ASSIGNMENT
When you reach the line containing "complex on land purchased last year." in the entries below, begin reproducing lines exactly, and stop once the line containing "anime comic cheerful" is done.
(EXTRACTED DATA)
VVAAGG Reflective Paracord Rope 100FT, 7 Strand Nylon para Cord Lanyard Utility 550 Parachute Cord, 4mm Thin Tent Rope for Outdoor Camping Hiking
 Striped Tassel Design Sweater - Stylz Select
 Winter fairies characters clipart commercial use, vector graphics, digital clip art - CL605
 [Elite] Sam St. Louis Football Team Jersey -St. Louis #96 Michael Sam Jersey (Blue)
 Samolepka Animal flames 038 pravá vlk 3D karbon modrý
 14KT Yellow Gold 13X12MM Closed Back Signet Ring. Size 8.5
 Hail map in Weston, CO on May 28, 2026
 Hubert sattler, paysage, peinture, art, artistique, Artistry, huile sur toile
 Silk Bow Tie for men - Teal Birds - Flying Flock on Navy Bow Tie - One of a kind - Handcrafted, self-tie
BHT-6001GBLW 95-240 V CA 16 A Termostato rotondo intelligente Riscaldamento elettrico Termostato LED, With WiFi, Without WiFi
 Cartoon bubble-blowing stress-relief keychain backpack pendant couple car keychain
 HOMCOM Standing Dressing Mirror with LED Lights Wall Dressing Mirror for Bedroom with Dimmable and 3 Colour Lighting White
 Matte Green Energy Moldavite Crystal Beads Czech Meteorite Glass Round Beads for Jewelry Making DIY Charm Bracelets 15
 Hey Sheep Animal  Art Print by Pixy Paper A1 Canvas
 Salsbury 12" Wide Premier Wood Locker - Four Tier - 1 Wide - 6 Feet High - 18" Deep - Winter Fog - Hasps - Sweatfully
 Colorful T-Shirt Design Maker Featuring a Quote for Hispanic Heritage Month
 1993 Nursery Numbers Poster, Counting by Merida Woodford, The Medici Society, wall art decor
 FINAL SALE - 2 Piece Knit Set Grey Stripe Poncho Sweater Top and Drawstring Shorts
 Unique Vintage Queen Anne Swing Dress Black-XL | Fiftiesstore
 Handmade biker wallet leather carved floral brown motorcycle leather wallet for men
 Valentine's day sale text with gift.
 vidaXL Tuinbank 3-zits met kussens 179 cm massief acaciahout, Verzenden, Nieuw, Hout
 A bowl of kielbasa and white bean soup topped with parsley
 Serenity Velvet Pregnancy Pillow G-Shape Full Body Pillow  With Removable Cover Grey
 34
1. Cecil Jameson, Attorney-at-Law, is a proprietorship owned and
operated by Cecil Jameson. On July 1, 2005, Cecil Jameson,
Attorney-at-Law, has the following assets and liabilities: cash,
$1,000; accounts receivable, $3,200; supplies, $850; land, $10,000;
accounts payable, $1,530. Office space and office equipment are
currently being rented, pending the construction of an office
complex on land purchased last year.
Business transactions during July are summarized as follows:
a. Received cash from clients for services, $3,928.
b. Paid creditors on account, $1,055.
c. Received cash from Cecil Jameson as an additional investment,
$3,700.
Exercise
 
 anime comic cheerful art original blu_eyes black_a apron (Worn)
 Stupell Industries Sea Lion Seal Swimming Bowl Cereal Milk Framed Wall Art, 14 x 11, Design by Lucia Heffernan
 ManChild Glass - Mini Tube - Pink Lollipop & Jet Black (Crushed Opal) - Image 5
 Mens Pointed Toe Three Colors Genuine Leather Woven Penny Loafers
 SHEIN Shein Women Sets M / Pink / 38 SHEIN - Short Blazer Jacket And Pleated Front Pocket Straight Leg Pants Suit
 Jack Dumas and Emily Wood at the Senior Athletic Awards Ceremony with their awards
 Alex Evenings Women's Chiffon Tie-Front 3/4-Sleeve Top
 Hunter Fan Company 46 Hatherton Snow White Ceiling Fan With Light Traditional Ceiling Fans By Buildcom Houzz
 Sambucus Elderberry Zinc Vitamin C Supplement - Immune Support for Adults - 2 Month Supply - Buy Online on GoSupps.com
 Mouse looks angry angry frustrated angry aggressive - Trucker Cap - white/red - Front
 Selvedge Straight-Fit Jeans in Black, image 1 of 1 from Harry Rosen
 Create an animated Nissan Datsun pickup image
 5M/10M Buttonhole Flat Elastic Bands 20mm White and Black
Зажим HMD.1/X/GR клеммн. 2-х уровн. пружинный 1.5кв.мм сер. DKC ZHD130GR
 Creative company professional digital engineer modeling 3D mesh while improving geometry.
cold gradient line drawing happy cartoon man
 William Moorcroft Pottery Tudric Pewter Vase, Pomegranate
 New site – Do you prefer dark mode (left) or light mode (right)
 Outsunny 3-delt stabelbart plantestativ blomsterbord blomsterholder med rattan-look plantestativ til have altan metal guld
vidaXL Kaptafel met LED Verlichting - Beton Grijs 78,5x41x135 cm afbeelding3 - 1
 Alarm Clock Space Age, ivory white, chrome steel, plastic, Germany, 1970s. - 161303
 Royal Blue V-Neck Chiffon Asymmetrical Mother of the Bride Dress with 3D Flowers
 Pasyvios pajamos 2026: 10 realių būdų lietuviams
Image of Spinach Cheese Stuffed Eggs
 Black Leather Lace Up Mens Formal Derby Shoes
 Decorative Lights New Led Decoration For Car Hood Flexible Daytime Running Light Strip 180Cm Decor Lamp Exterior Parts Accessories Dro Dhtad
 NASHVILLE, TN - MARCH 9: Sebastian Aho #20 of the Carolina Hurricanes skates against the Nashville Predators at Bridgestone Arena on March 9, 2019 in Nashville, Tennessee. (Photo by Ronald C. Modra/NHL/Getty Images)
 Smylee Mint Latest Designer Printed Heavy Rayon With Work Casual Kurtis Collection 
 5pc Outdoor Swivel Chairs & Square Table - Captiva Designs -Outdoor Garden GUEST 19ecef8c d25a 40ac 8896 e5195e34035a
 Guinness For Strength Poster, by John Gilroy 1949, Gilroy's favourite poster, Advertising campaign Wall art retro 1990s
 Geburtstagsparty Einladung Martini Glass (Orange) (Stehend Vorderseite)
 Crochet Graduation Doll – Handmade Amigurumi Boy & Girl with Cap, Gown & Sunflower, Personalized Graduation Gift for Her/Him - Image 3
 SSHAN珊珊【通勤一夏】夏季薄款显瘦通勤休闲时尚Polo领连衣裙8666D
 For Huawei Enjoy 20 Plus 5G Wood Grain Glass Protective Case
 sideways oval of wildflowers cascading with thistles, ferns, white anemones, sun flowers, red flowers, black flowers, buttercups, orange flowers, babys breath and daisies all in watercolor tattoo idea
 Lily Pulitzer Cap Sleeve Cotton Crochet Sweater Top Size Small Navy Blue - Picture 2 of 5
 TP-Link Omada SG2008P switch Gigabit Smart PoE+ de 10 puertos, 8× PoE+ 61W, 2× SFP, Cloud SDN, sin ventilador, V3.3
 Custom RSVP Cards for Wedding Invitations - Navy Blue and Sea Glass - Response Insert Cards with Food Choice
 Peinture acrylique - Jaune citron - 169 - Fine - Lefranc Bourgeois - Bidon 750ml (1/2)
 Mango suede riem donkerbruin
(End EXTRACTED DATA)
TASK SOLUTION
complex on land purchased last year.
Business transactions during July are summarized as follows:
a. Received cash from clients for services, $3,928.
b. Paid creditors on account, $1,055.
c. Received cash from Cecil Jameson as an additional investment,
$3,700.
Exercise
 
 anime comic cheerful art original blu_eyes black_a apron (Worn)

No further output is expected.